Once an article has been through the Good Article process, you get a little green plus sign, and you can nominate it to be featured on the ‘Did you know’ section of the front page. I went through the process with two of the articles (I’ve actually JUST started it with a third), and eventually they ended up on the front page!

Things I learned:
- Good Article reviews are disproportionately done in the ‘push’ months. I spent a lot of time waiting for the review, and if I had been more aware of the calendar, I might have understood that better.
- Because I’m only writing about data breaches at the moment, I find it easier to reply to reviewers, either because I’ve had a different reviewer with an entirely opposite opinion that I can reference, or because I’ve already written an explanation for a common issue and I can literally copy-paste it.
- There is a page called ‘what the Good Article criteria are NOT’, which turns out to be amazingly useful when responding to reviews and shortens them dramatically.
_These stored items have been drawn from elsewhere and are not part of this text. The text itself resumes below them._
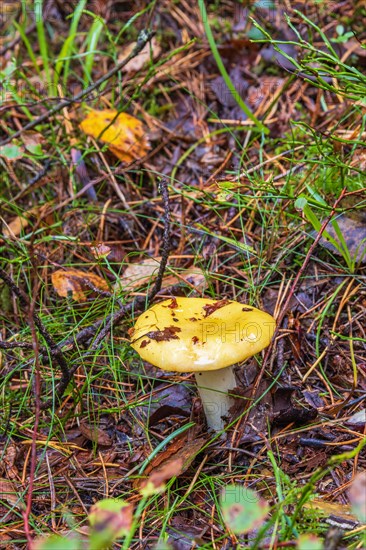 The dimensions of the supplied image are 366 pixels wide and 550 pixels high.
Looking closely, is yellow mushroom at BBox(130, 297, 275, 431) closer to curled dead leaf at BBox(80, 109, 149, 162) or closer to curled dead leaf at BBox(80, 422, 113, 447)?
curled dead leaf at BBox(80, 422, 113, 447)

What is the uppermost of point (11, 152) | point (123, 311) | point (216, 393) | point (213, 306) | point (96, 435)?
point (11, 152)

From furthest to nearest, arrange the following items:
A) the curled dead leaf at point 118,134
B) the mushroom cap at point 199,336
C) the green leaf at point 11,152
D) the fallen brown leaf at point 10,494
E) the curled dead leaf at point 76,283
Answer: the curled dead leaf at point 118,134, the green leaf at point 11,152, the curled dead leaf at point 76,283, the fallen brown leaf at point 10,494, the mushroom cap at point 199,336

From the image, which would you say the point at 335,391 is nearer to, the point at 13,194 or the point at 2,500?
the point at 2,500

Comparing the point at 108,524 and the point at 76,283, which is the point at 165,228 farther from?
the point at 108,524

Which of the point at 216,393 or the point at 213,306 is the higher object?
the point at 213,306

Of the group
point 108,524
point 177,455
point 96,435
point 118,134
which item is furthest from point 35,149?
point 108,524

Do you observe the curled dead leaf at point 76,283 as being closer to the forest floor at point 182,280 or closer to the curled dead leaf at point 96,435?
the forest floor at point 182,280

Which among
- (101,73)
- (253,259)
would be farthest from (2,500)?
(101,73)

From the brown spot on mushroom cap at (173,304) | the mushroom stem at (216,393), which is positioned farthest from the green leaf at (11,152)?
the mushroom stem at (216,393) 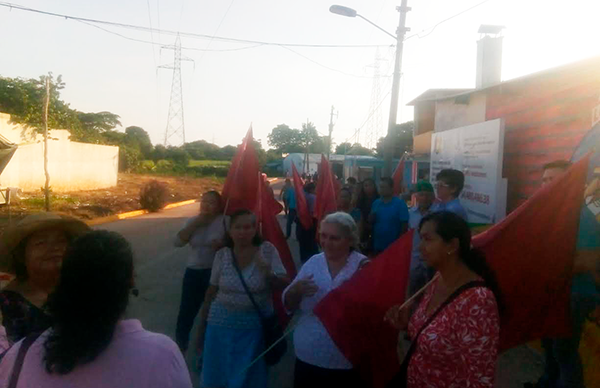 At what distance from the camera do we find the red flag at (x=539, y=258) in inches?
138

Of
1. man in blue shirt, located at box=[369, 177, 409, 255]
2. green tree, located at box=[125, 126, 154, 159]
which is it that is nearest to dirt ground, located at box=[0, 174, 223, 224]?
man in blue shirt, located at box=[369, 177, 409, 255]

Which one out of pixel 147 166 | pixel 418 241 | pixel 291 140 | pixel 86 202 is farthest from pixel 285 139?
pixel 418 241

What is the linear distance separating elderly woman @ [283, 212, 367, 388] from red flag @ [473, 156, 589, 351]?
771 millimetres

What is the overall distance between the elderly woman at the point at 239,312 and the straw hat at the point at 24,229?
1.38 metres

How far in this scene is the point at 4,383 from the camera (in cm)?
202

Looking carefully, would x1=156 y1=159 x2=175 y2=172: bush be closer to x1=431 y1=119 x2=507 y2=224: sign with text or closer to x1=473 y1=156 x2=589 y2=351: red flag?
x1=431 y1=119 x2=507 y2=224: sign with text

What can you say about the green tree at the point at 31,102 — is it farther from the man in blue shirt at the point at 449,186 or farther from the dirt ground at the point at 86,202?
the man in blue shirt at the point at 449,186

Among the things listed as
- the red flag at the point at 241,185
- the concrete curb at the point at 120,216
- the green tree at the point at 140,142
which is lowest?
the concrete curb at the point at 120,216

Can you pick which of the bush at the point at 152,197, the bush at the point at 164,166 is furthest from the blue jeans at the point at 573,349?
the bush at the point at 164,166

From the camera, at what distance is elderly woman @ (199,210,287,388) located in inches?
169

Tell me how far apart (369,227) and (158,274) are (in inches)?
180

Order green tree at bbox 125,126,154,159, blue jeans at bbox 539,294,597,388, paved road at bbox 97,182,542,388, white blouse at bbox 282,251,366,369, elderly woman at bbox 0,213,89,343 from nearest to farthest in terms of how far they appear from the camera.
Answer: elderly woman at bbox 0,213,89,343 < white blouse at bbox 282,251,366,369 < blue jeans at bbox 539,294,597,388 < paved road at bbox 97,182,542,388 < green tree at bbox 125,126,154,159

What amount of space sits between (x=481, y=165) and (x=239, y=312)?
→ 5.43 metres

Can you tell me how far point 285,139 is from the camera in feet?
299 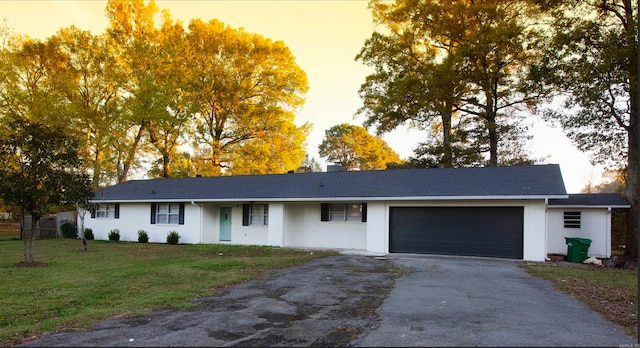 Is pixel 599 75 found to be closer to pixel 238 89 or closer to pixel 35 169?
pixel 35 169

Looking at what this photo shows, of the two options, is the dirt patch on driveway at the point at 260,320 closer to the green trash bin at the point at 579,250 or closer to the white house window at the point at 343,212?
the white house window at the point at 343,212

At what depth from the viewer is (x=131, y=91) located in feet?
104

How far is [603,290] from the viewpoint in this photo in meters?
9.66

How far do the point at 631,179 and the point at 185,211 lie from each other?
20.3 meters

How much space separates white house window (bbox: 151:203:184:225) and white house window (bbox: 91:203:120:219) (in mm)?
2976

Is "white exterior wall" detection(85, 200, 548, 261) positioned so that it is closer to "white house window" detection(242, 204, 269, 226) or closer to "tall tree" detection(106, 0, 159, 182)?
"white house window" detection(242, 204, 269, 226)

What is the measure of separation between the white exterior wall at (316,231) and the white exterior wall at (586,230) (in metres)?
8.34

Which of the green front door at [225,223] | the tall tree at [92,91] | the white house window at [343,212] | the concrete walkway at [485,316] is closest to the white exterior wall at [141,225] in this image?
the green front door at [225,223]

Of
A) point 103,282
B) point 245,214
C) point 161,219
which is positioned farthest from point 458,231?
point 161,219

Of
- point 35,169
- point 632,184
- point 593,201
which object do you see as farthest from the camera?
point 593,201

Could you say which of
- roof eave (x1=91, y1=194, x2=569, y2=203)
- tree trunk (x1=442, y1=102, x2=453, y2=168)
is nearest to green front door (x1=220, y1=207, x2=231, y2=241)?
roof eave (x1=91, y1=194, x2=569, y2=203)

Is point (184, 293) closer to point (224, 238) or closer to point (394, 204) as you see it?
point (394, 204)

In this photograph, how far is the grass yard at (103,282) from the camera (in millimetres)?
6992

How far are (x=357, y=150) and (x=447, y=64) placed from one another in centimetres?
2714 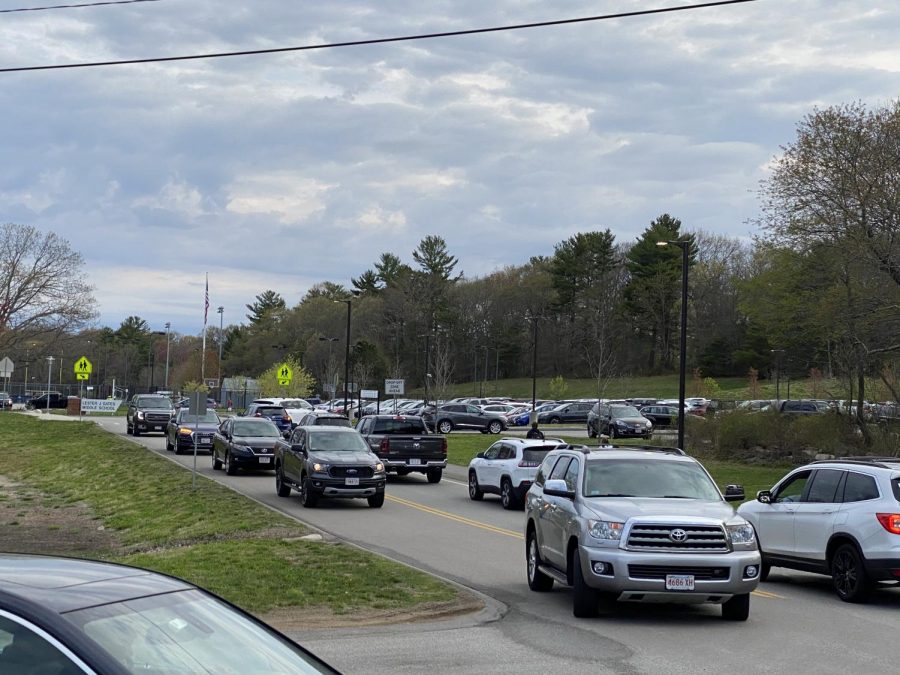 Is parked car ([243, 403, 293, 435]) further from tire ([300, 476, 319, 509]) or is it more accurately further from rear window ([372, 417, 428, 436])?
tire ([300, 476, 319, 509])

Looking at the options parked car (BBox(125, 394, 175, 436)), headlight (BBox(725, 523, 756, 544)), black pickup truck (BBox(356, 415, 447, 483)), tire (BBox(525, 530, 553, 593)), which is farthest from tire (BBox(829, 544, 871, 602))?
parked car (BBox(125, 394, 175, 436))

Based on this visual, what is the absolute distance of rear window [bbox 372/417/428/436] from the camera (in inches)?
1262

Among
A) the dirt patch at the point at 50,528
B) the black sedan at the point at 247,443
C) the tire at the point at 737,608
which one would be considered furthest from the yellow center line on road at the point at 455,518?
the tire at the point at 737,608

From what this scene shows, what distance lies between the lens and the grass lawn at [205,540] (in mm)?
13016

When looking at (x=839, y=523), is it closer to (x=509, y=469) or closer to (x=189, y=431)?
(x=509, y=469)

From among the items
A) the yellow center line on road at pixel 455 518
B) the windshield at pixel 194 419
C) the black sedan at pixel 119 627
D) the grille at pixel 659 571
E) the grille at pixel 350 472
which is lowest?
the yellow center line on road at pixel 455 518

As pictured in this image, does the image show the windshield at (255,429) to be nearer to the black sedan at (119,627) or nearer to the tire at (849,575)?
the tire at (849,575)

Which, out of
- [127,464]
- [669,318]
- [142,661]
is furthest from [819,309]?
[669,318]

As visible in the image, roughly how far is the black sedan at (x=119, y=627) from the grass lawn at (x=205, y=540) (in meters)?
8.17

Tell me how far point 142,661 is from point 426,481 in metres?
30.2

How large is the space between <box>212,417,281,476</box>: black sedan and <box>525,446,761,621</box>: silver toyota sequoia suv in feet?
68.5

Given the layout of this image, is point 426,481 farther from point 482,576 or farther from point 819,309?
point 482,576

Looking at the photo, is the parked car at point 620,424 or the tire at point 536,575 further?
the parked car at point 620,424

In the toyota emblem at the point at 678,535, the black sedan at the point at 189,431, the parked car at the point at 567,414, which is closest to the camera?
the toyota emblem at the point at 678,535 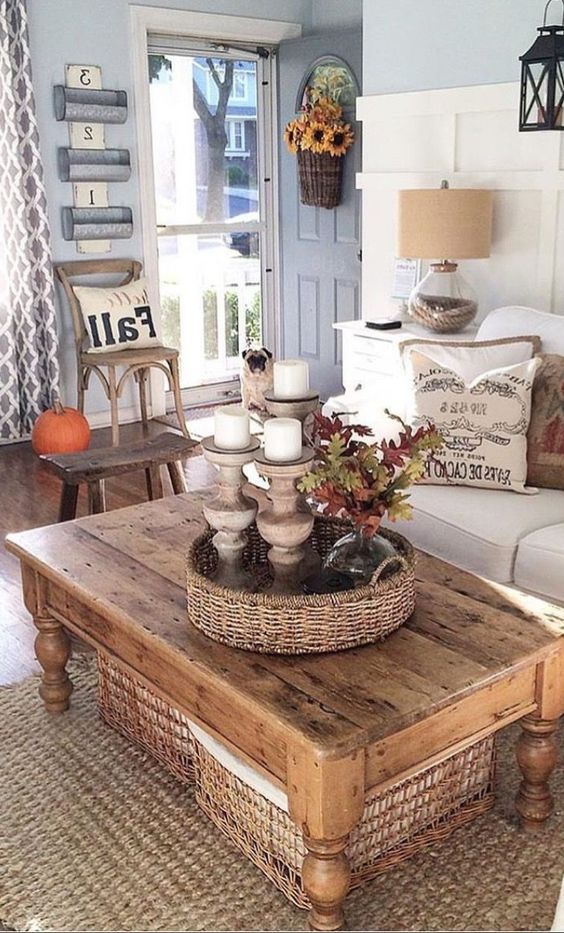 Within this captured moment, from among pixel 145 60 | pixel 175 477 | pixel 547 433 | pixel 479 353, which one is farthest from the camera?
pixel 145 60

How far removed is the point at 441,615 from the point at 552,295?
2347 mm

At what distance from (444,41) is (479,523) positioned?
2.43 m

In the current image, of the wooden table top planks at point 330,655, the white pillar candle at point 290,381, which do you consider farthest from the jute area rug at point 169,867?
the white pillar candle at point 290,381

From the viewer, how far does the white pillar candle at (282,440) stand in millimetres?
1974

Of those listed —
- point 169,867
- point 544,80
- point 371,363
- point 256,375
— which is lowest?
point 169,867

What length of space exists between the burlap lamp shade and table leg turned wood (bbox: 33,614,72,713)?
2.22 meters

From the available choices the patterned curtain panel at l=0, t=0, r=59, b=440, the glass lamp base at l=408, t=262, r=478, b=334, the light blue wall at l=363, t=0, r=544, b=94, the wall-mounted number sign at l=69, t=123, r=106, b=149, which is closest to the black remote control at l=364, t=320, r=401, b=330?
the glass lamp base at l=408, t=262, r=478, b=334

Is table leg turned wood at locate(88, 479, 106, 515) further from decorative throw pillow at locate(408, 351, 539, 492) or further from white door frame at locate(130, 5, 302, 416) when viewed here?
white door frame at locate(130, 5, 302, 416)

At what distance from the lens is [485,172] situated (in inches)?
166

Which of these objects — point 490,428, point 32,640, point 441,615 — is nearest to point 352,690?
point 441,615

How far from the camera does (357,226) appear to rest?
5.73m

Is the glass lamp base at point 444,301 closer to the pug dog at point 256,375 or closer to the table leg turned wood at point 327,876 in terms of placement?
the pug dog at point 256,375

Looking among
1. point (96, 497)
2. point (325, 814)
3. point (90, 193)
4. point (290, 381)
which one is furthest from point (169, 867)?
point (90, 193)

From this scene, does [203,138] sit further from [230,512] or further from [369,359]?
[230,512] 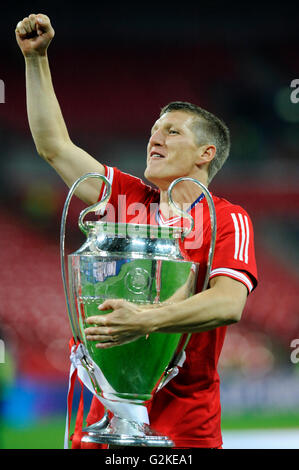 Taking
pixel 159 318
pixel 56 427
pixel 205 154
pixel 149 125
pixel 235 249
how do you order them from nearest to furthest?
pixel 159 318 → pixel 235 249 → pixel 205 154 → pixel 56 427 → pixel 149 125

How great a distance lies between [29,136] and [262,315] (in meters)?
1.58

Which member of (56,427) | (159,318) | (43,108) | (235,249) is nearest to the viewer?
(159,318)

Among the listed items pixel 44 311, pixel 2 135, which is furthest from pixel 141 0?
pixel 44 311

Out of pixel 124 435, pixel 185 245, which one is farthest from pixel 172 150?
pixel 124 435

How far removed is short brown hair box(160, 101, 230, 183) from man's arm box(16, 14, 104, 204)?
214mm

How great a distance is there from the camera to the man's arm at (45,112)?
42.3 inches

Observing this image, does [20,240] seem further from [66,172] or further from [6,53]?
[66,172]

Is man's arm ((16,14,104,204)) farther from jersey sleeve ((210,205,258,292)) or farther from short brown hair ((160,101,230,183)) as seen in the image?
jersey sleeve ((210,205,258,292))

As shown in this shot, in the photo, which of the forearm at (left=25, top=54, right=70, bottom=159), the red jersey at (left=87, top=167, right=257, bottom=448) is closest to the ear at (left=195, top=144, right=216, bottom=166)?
the red jersey at (left=87, top=167, right=257, bottom=448)

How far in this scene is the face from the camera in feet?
4.08

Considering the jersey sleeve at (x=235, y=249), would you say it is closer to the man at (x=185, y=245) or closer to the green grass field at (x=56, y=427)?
the man at (x=185, y=245)

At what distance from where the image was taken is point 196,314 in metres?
0.86

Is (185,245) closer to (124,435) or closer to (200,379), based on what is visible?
(200,379)

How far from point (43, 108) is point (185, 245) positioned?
1.24 feet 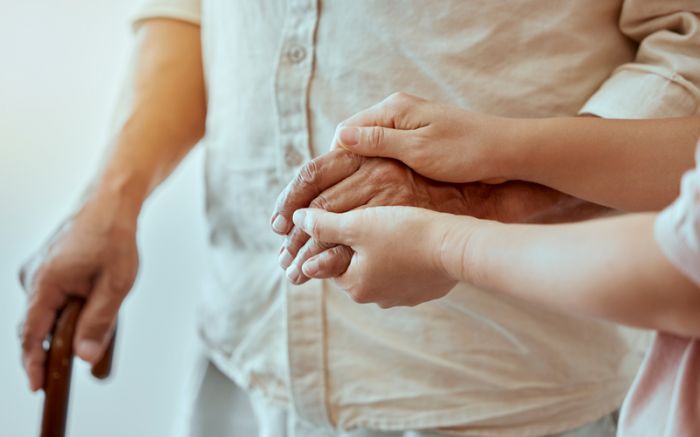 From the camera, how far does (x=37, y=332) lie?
0.86 meters

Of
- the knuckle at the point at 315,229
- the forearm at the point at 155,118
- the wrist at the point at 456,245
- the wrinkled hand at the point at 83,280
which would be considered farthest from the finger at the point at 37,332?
the wrist at the point at 456,245

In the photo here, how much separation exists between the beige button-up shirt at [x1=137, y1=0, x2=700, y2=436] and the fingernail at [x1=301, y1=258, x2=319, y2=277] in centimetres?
17

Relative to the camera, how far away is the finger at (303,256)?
664 millimetres

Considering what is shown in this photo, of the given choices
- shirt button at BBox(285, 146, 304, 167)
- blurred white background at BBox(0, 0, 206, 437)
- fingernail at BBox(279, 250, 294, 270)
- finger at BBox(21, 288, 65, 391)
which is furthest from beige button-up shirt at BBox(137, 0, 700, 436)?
blurred white background at BBox(0, 0, 206, 437)

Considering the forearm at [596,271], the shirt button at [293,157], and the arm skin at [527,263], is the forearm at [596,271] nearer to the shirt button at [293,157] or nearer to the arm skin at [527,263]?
the arm skin at [527,263]

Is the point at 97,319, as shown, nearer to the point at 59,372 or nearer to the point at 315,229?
the point at 59,372

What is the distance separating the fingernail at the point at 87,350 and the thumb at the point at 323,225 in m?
0.33

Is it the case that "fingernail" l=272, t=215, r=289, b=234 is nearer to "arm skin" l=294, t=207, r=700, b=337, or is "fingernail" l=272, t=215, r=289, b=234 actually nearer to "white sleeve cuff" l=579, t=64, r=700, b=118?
"arm skin" l=294, t=207, r=700, b=337

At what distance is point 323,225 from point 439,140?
0.12 meters

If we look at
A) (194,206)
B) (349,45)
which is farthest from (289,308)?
(194,206)

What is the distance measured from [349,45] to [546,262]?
1.20 ft

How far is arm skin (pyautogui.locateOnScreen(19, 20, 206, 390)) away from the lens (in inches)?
33.7

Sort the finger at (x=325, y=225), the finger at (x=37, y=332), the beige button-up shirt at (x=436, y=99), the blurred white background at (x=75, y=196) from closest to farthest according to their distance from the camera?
the finger at (x=325, y=225), the beige button-up shirt at (x=436, y=99), the finger at (x=37, y=332), the blurred white background at (x=75, y=196)

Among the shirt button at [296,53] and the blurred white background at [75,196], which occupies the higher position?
the shirt button at [296,53] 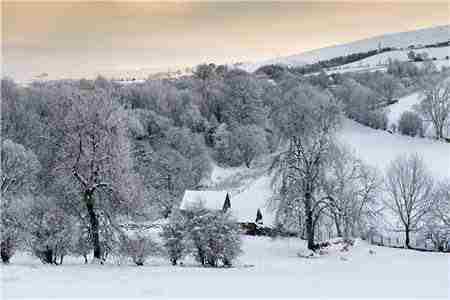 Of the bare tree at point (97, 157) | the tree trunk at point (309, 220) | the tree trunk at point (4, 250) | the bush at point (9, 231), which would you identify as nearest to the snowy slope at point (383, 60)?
the tree trunk at point (309, 220)

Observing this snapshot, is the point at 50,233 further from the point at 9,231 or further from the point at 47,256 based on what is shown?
the point at 9,231

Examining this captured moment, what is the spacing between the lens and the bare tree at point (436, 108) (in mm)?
77438

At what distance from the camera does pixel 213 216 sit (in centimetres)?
2336

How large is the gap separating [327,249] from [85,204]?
14221 mm

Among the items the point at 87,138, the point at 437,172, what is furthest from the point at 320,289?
the point at 437,172

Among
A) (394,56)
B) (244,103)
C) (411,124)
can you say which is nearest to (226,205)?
(411,124)

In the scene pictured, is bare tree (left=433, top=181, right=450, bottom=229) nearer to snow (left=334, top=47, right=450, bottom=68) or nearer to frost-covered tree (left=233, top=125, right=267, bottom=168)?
frost-covered tree (left=233, top=125, right=267, bottom=168)

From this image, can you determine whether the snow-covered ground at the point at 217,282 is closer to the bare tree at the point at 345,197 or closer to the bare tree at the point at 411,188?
the bare tree at the point at 345,197

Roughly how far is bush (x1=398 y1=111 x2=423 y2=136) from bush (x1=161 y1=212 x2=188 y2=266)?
65013mm

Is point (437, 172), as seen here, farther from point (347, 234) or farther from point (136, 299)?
point (136, 299)

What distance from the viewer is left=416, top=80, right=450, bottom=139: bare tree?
254 feet

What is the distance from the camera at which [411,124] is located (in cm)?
7969

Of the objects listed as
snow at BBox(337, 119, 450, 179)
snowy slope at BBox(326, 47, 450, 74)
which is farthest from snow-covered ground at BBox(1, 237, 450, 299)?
snowy slope at BBox(326, 47, 450, 74)

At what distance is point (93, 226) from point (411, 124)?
68.3m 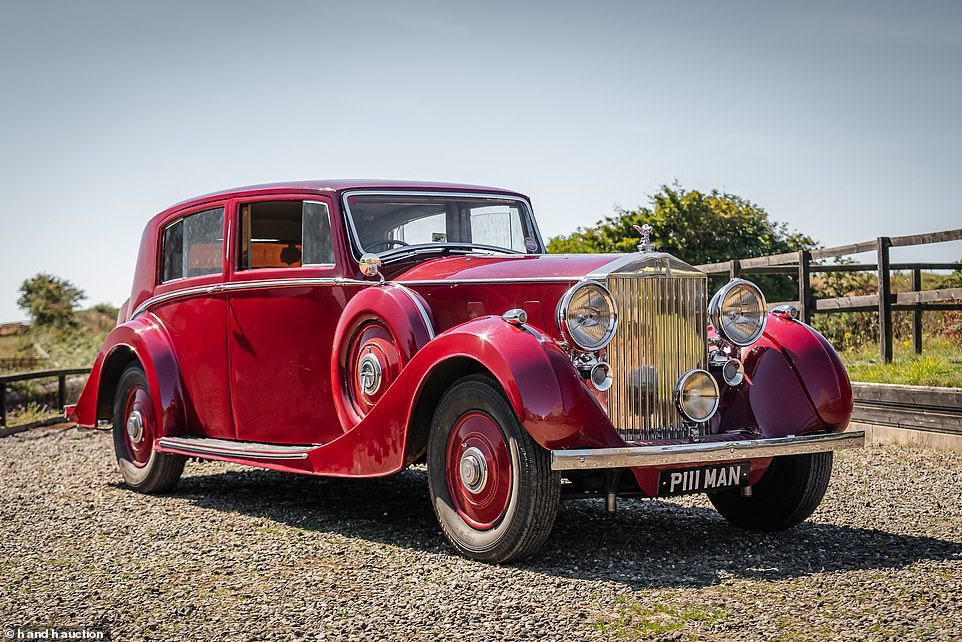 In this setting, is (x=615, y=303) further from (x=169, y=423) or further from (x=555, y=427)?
(x=169, y=423)

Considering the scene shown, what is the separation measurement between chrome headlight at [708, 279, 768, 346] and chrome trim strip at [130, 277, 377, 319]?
6.28ft

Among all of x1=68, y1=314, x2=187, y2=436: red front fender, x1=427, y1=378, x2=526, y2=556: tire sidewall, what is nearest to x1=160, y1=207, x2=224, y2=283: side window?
x1=68, y1=314, x2=187, y2=436: red front fender

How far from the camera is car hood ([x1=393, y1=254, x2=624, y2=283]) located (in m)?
4.86

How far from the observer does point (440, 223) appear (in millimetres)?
6152

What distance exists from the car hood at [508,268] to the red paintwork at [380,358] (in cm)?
1

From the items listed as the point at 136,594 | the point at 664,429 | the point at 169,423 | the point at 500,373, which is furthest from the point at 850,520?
the point at 169,423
It effectively means you can split the review into “Things that need to happen now” and “Advice for the future”.
- Because articles on the front page get so many more views (presumably disproportionately from Wikipedians because they are heavier users of the front page), a bunch of edits happen from passing users. Mostly it’s fixing their pet peeves or some small aspect of the Manual of Style, but it’s really interesting to see how much it amounts to a group peer review. You can also nominate for the Did You Know page with new articles, and I think I might give that a go next time I create one - it probably smooths the path to things like GA.
I’m certainly going to be in a better position to do the same lecture next year.
Thank you to everybody who reviewed, edited, or popped by with opinions.